Looking Back and Moving Forward
Cheyenne Regional Medical Center celebrates 150 years of caring for our community and region in 2017.
That focus on caring began in 1867, when Union Pacific Railroad officials pitched a tent hospital in Cheyenne to treat workers who were injured while building the transcontinental railroad. One year later, the City of Cheyenne purchased the frontier hospital for $125.
Over the next few years the hospital was moved to several different locations and buildings. It finally found a permanent home in 1883, when a new facility was built for $21,000 on land donated to the city by Union Pacific Railroad at what would eventually become the corner of 23rd Street and Evans Avenue. The first patients were admitted on December 7.
In 1900 a typhoid epidemic hit Cheyenne. In the face of this crisis, a Hospital Aid Society was formed to raise funds to renovate the health facility, which was renamed St. John’s Hospital. Through the early 1900s, county and Union Pacific Railroad officials funded additions to the hospital to care for pregnant women and Union Pacific employees and their dependents.

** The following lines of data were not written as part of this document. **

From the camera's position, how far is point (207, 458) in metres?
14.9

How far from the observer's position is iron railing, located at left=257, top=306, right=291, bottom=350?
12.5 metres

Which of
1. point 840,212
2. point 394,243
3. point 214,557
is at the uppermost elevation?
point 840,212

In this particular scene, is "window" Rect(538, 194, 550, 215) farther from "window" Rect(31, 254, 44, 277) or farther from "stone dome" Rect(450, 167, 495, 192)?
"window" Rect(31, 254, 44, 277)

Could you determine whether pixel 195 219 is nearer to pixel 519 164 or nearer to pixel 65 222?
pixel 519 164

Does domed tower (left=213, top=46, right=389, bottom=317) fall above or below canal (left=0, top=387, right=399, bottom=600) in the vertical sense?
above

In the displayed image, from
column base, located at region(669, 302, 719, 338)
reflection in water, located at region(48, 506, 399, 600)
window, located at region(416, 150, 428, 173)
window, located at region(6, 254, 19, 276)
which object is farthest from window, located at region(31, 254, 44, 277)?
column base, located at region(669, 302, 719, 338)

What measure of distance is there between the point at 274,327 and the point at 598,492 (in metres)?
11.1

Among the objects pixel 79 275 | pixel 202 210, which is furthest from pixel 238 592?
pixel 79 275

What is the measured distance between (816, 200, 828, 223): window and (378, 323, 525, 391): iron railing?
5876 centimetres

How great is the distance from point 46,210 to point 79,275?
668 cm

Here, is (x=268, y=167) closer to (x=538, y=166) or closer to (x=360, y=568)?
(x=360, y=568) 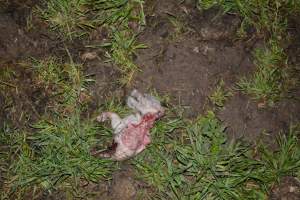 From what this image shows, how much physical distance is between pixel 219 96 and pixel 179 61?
0.44 meters

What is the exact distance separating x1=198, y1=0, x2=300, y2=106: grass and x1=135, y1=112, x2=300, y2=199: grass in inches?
15.3

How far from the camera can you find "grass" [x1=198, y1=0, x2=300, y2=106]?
3121 millimetres

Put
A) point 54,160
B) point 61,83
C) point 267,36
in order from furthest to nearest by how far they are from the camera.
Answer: point 267,36 < point 61,83 < point 54,160

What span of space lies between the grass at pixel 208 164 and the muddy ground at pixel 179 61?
4.8 inches

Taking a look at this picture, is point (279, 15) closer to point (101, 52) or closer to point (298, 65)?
point (298, 65)

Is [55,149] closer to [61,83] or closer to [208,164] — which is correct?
[61,83]

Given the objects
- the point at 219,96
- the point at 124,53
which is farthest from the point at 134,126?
the point at 219,96

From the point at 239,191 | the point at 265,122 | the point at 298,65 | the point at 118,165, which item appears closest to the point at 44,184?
the point at 118,165

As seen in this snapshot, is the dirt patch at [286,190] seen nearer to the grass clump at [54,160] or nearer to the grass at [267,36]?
the grass at [267,36]

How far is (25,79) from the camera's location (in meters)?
3.06

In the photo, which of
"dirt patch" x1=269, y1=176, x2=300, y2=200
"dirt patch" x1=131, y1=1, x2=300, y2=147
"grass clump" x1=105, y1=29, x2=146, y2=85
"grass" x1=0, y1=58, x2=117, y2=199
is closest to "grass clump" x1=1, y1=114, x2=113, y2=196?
"grass" x1=0, y1=58, x2=117, y2=199

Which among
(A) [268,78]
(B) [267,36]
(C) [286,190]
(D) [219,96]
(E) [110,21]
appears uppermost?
(E) [110,21]

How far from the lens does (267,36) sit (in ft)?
10.6

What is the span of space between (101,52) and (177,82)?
67 centimetres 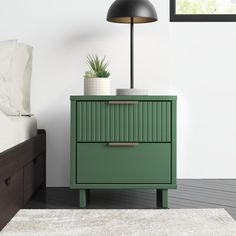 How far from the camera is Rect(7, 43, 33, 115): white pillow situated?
8.89 feet

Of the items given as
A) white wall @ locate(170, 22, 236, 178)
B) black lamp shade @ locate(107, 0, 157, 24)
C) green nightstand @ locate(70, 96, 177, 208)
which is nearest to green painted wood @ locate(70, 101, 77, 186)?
green nightstand @ locate(70, 96, 177, 208)

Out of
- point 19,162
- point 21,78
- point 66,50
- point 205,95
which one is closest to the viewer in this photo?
point 19,162

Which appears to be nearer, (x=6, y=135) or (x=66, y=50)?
(x=6, y=135)

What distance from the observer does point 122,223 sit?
202 centimetres

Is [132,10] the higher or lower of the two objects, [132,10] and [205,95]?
the higher

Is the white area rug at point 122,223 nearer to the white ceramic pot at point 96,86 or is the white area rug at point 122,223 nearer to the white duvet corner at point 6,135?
the white duvet corner at point 6,135

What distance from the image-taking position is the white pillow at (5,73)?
2.61 meters

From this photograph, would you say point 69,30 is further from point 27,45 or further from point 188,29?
point 188,29

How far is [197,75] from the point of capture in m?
3.21

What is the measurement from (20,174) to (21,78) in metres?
0.77

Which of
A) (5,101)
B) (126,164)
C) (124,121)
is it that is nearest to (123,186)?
(126,164)

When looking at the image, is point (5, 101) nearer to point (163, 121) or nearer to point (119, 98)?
point (119, 98)

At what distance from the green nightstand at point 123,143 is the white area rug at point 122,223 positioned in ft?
0.65

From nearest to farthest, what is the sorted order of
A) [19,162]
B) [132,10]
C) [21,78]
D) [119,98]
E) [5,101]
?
1. [19,162]
2. [119,98]
3. [132,10]
4. [5,101]
5. [21,78]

In 1920 St. John’s Hospital was demolished and construction of the new Memorial Hospital began.
Over the next few decades, Memorial Hospital would undergo substantial renovation and modernization to meet the needs of a growing community and region.
In 1952 the community would also see the addition of DePaul Hospital, which was run by the Sisters of Charity of Leavenworth.
In 1992 Memorial Hospital of Laramie County would purchase DePaul, forming United Medical Center.
The hospital would once again change in 2006, to become Cheyenne Regional Medical Center.
Along with our community, we’ve grown and changed through the years.
The one thing that has not changed is that original pioneering spirit, which continually pushes us to seek out how we can best care for and meet the health needs of our community and region.